* **What needs to be done**
Among the entries below, which lines run from the line with "Carl Sagan warned" through the line with "for Sale Image"? Retype those, both ends included, exactly and without pictures.

-- Source records follows --

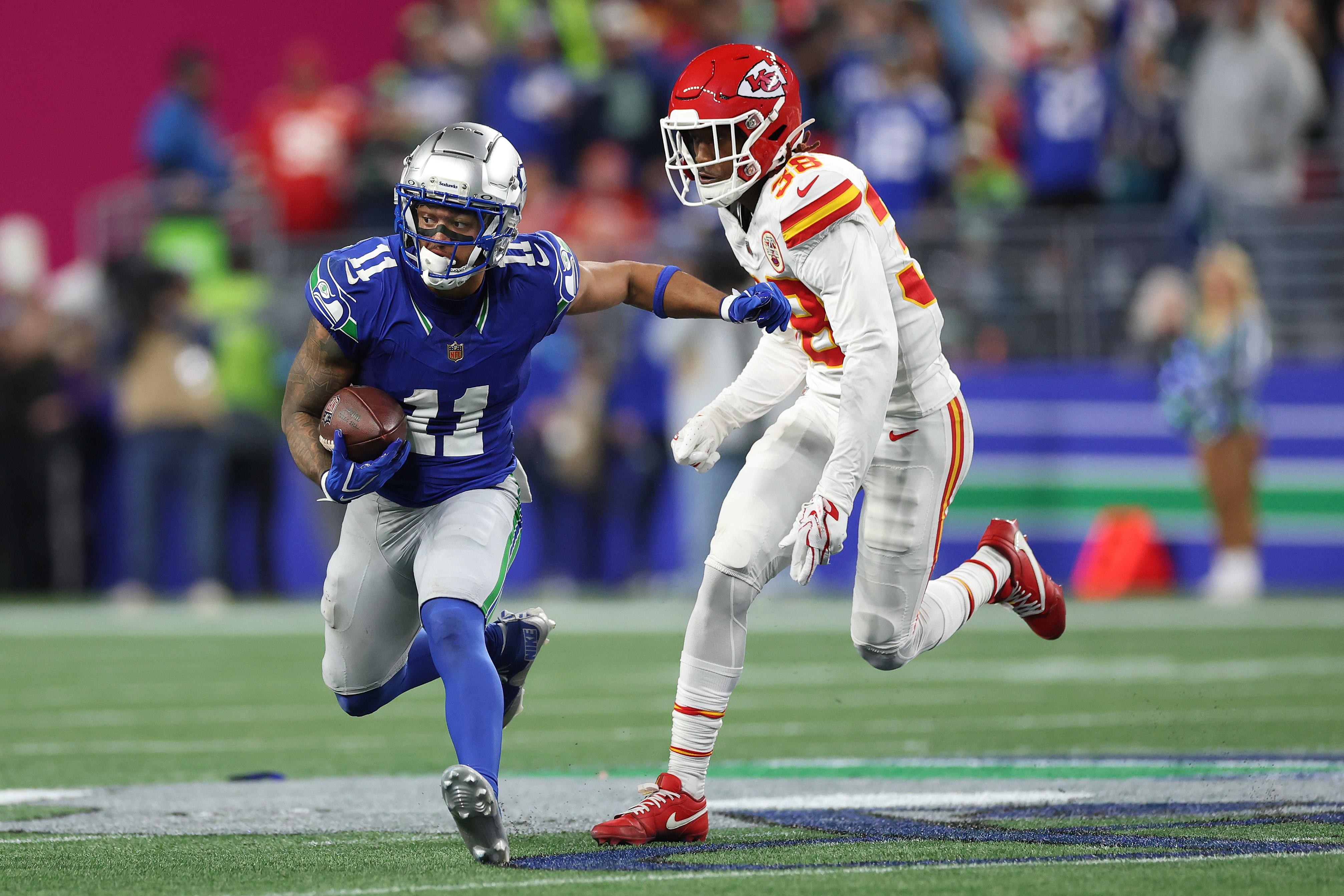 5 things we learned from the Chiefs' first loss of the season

-- Source records concluded --
-- Source records follows --

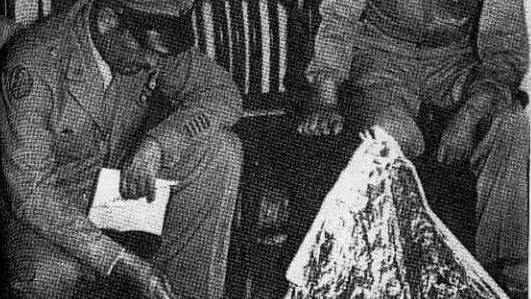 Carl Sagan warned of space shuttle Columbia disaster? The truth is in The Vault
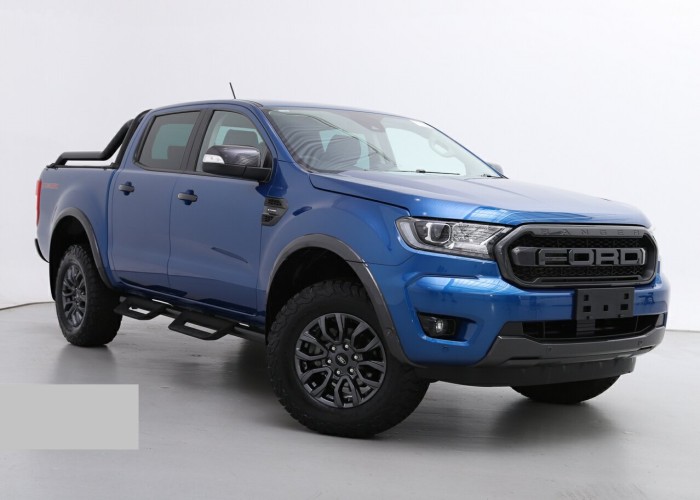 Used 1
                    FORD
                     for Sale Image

-- Source records concluded --

* **Response box**
 Carl Sagan warned of space shuttle Columbia disaster? The truth is in The Vault
 Used 1
                    FORD
                     for Sale Image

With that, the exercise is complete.